An interview with Krista Tippett

Krista Tippett is host and executive producer of On Being, which she describes as “a social enterprise with a radio show at its heart.” A 2014 recipient of the White House National Humanities Medal, Tippett is known for probing interviews that explore the questions of what it means to be alive and how we want to live together. On Being is broadcast weekly on 400 public radio stations and in 2016 was downloaded 28 million times for on-demand listening. Full disclosure: I was an executive at American Public Media when we worked with Tippett to develop the show and launch it nationally.

Beyond the radio program, but equally distinctive, is the organization’s Civil Conversations Project. TCB spoke with Tippett at On Being’s offices on Loring Park in Minneapolis. We talked about the ways Tippett’s work is newly resonant and how On Being, a nonprofit, is adapting and growing in our contentious times. The interview has been edited for length and clarity.

Krista Tippett

TCB: Tell me about The Civil Conversations Project

We have been incubating it quietly since 2011. We’re finding that since last fall’s election, civil conversation is what people want. So we’ve created a standalone website,, and we’ve hired staff to make it a more active resource. Immediately after the election we created a resource called Better Conversations: A Starter Guide. It is meant for people in local places—neighborhoods, families and workplaces.

TCB: Didn’t you start the project with public conversations at the Humphrey Institute?

Yes. We did one with Francis Kissling and David Gushee exploring abortion (“Pro-Life, Pro-Choice, Pro-Dialogue”), and we did one on “The Future of Marriage” with David Blankenhorn and Jonathan Rauch. These were live events, taped for broadcast. They were both pivotal because even though the culture has progressed, the same conversations are still happening and remain vital.

TCB: Is the goal to find common ground?

We are very results-oriented as Americans. We want transformation to occur in one meeting.

But what I’ve learned from wise people I’ve interviewed is that where there’s deep and emotional difference, that’s not realistic. In fact, if you impose the requirement that you have to find common ground, you narrow what’s possible. I think what we’re trying to do, the learning curve we have culturally, is get away from the idea that we need to resolve our deep differences. Some of these deep differences are very entrenched, they have a lot of reasons that make profound sense on all sides, and they’re not going to be resolved any time soon.

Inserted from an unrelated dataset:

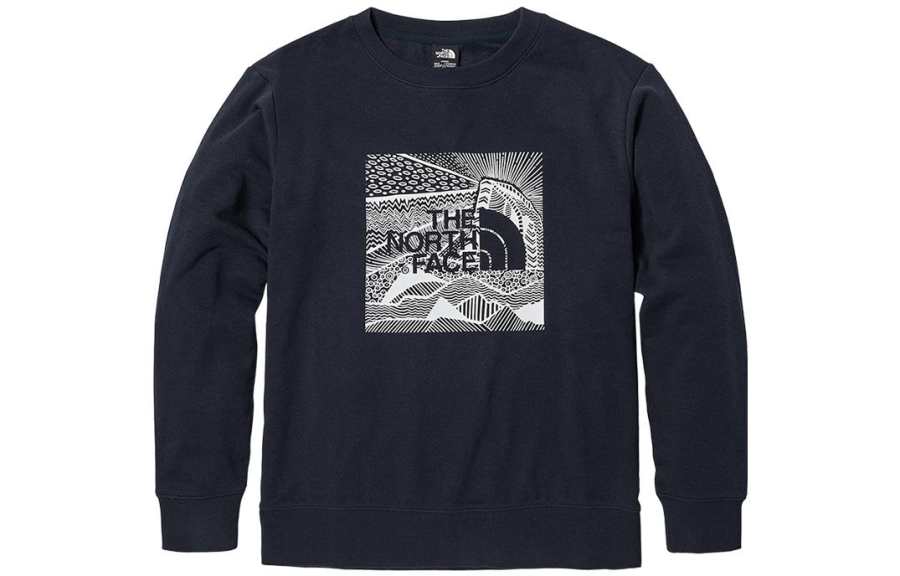 THE NORTH FACE Sweatshirts Unisex Blue Crew Neck Moderate Regular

But there is still the question of how we live together. There is still the question of what kind of common life we create, and the realities we’re nurturing for our children. We need to get away from the lightning-rod way of framing things as “for and against,” and instead reframe in terms of what’s at stake for all of us, as opposed to what’s our common ground.

TCB: So how can people discover their common stake?

People have to come together around what matters to them. Whether someone is left of center or right of center on any given issue, most of us have some questions alongside our answers. We have some curiosity and we really would like to understand what makes the other side tick. We would like to get into a trustworthy and safe space where we could ask some questions and get some answers.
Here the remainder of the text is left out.